SOURCE MATERIAL:
________________
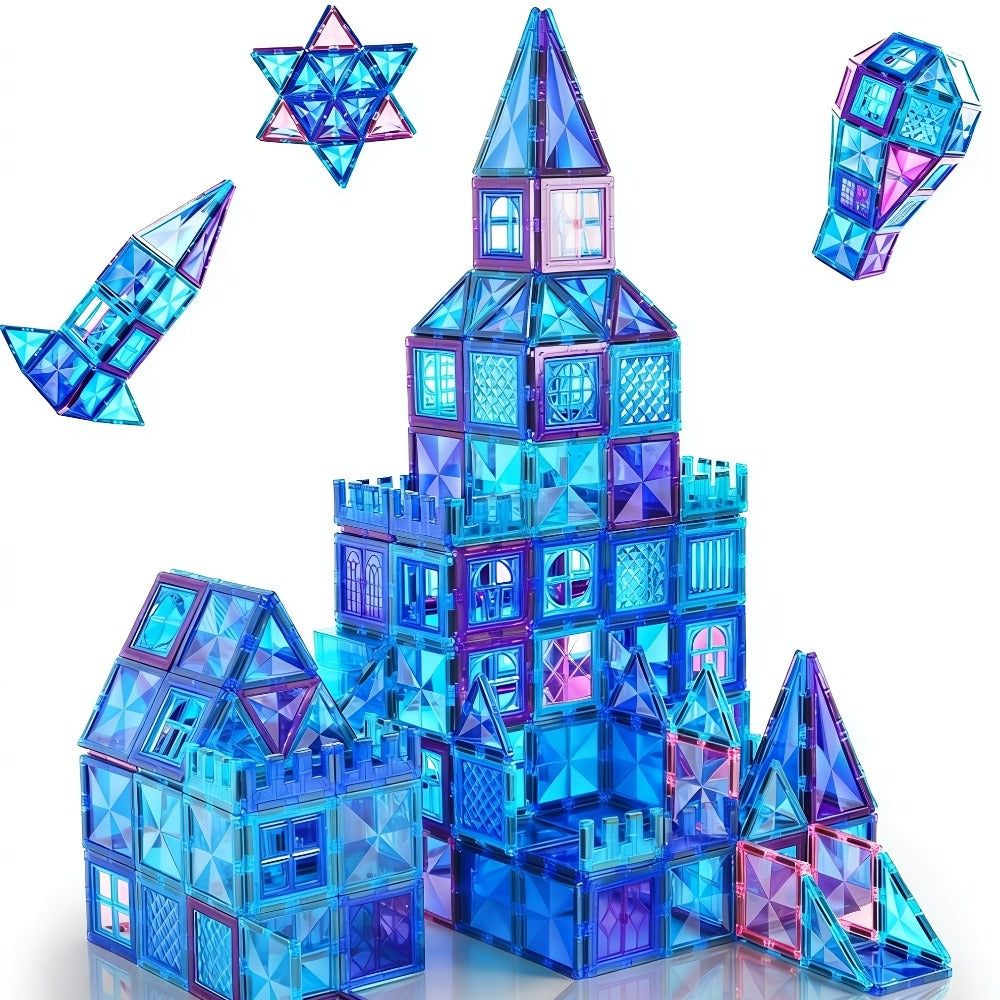 32-Piece Blue and Purple Magnetic Tile Castle Set with Squares, Triangles and Window Pieces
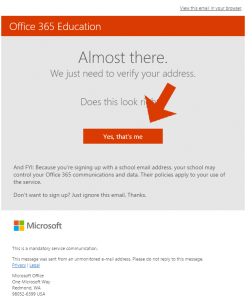Microsoft Office 365 Email Confirmation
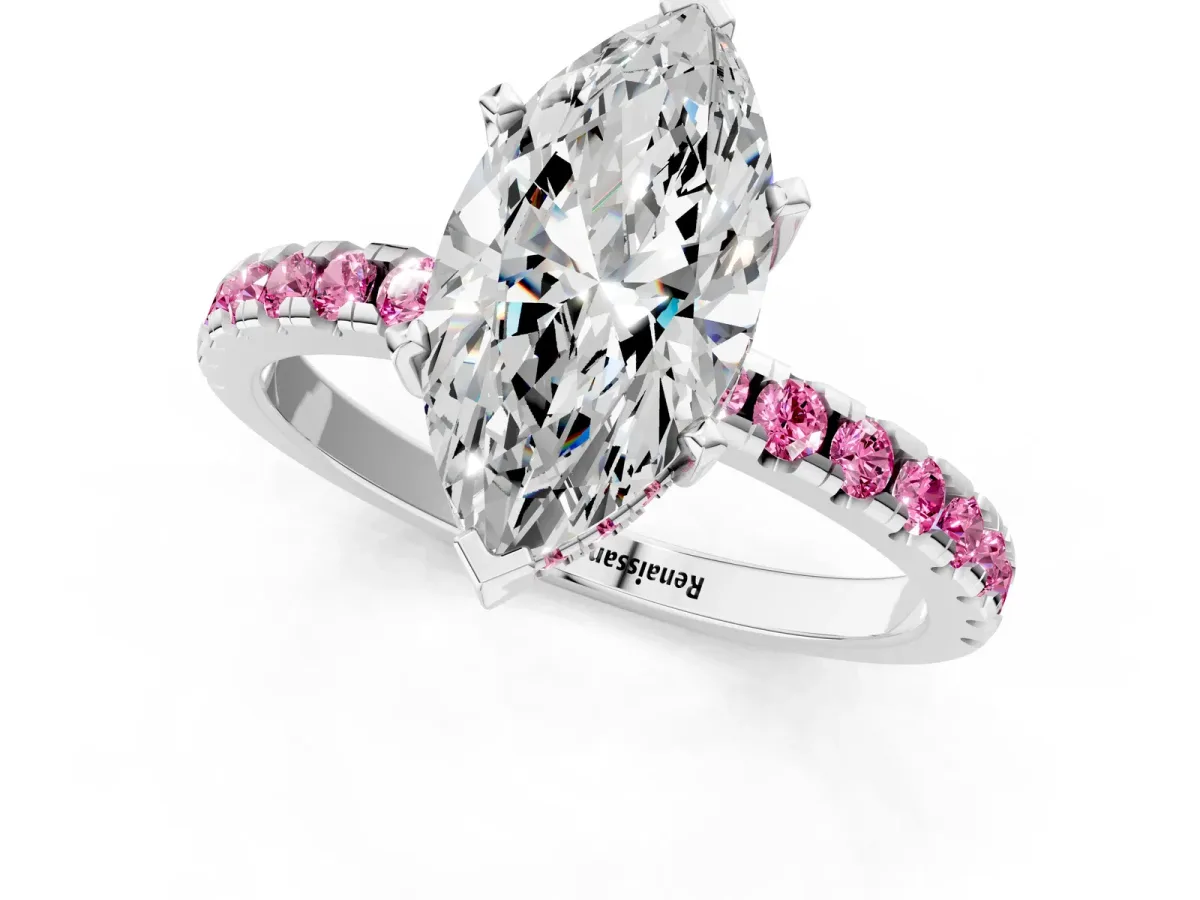 Marquise Cut Diamond Solitaire Ring with Round Pink Sapphire Pavé Band and Four-Prong Setting Platinum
________________
WORK TO COMPLETE:
Output the data exactly. Pictures don't belong in the result.

RESPONSE TO THIS EXERCISE:
 32-Piece Blue and Purple Magnetic Tile Castle Set with Squares, Triangles and Window Pieces
Microsoft Office 365 Email Confirmation
 Marquise Cut Diamond Solitaire Ring with Round Pink Sapphire Pavé Band and Four-Prong Setting Platinum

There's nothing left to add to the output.